Reproduce every record below exactly as written, but leave out any pictures.

Start of Entries provided

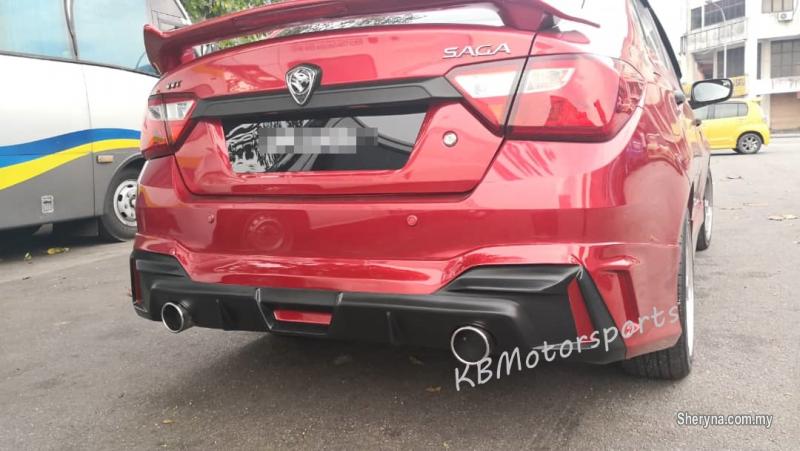 Proton Saga Vvt Drive 68 Bodykit With Spray Color Accessories Parts For Sale In Johor Bahru Johor Sheryna Com My Mobile 836626 View All Photos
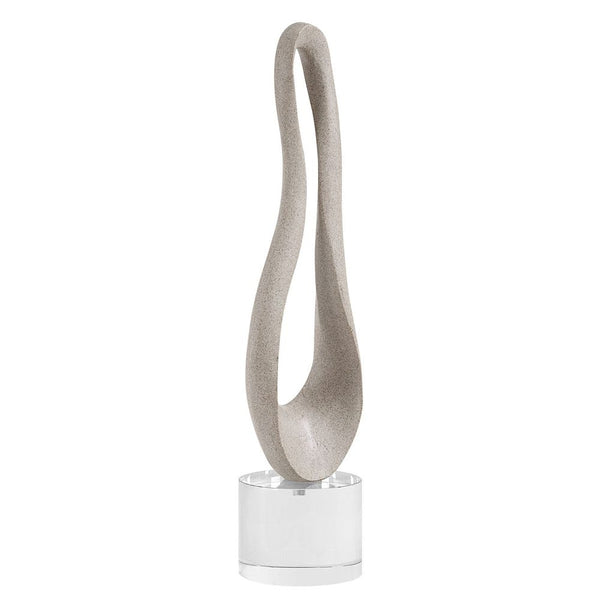 Oval Harmony Sculpture, 26"H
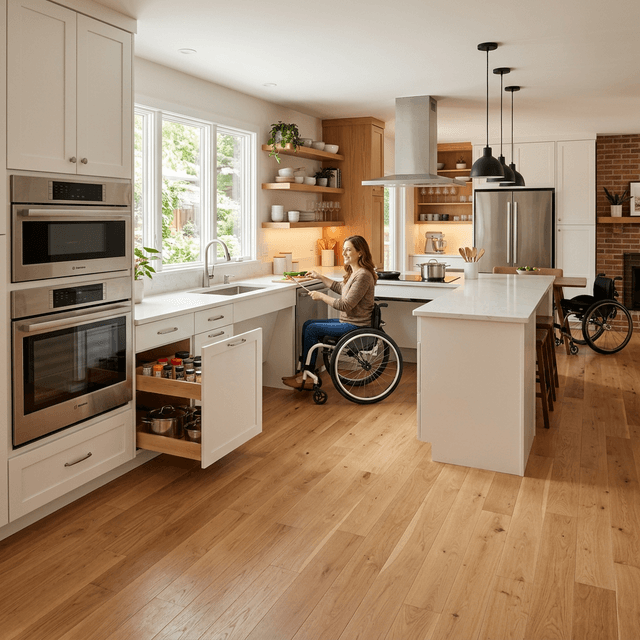 Accessible home planning
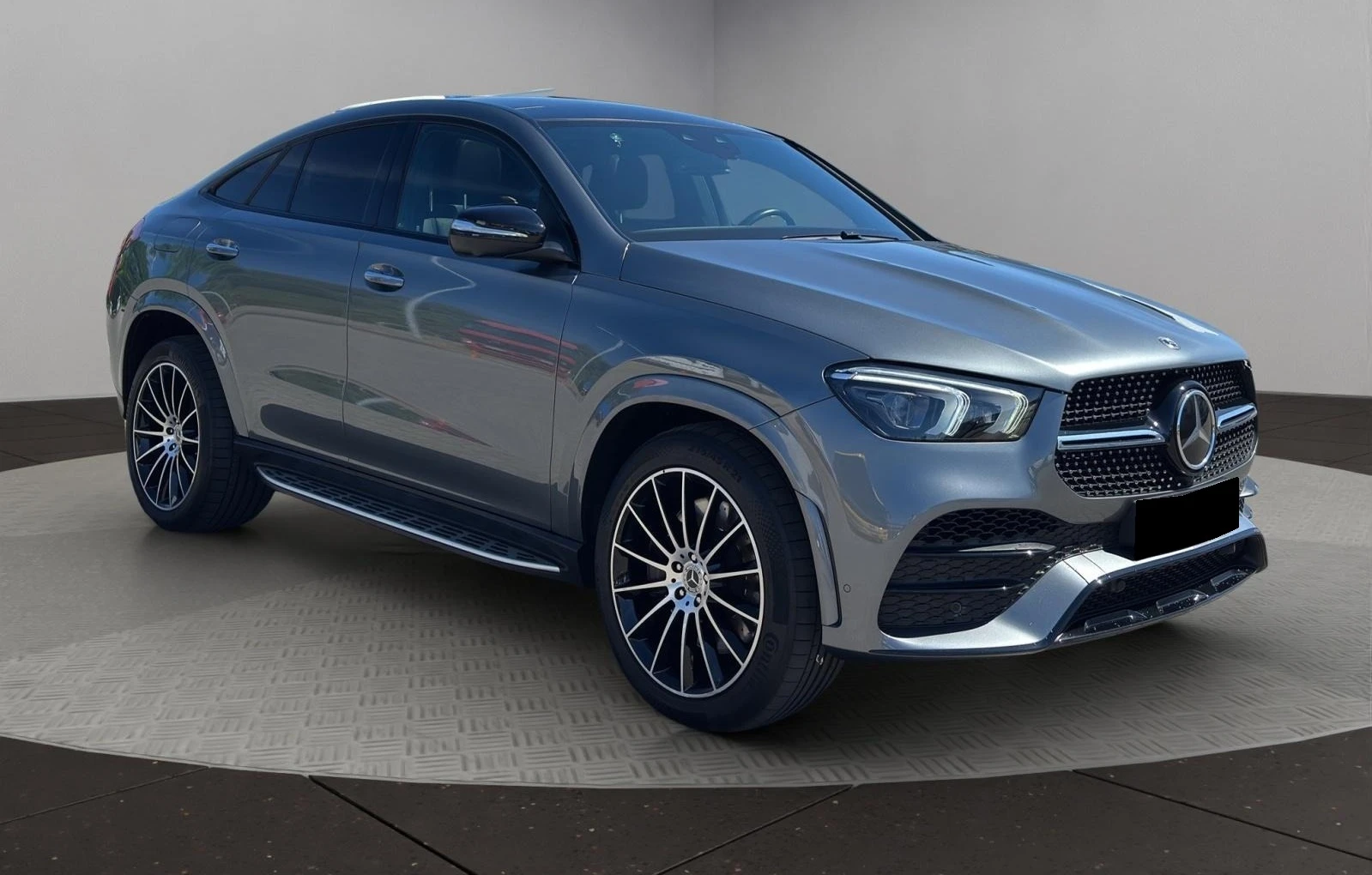 Mercedes-Benz GLE 400 d* COUPE* AMG* HEAD-UP* PANO* DISTR* MEMORY*  - изображение 3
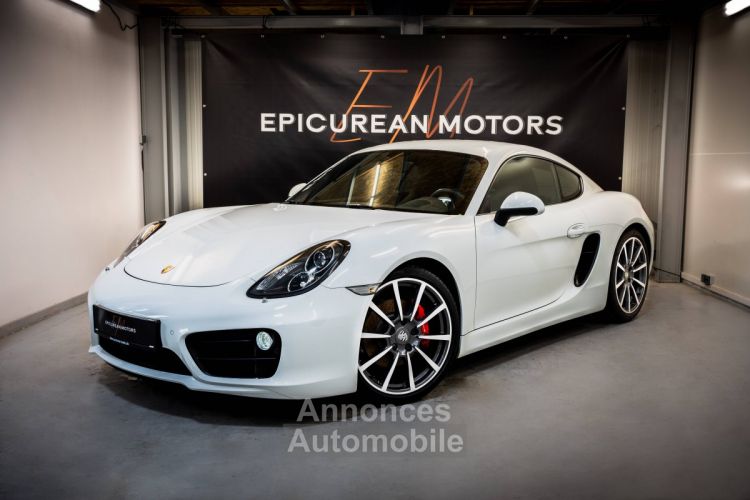 Porsche Cayman II (981) 3.4 325ch S PDK - <small></small> 59.900 € <small>TTC</small> - #1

End of Entries provided

* Task solution
 Proton Saga Vvt Drive 68 Bodykit With Spray Color Accessories Parts For Sale In Johor Bahru Johor Sheryna Com My Mobile 836626 View All Photos
 Oval Harmony Sculpture, 26"H
 Accessible home planning
 Mercedes-Benz GLE 400 d* COUPE* AMG* HEAD-UP* PANO* DISTR* MEMORY*  - изображение 3
 Porsche Cayman II (981) 3.4 325ch S PDK - <small></small> 59.900 € <small>TTC</small> - #1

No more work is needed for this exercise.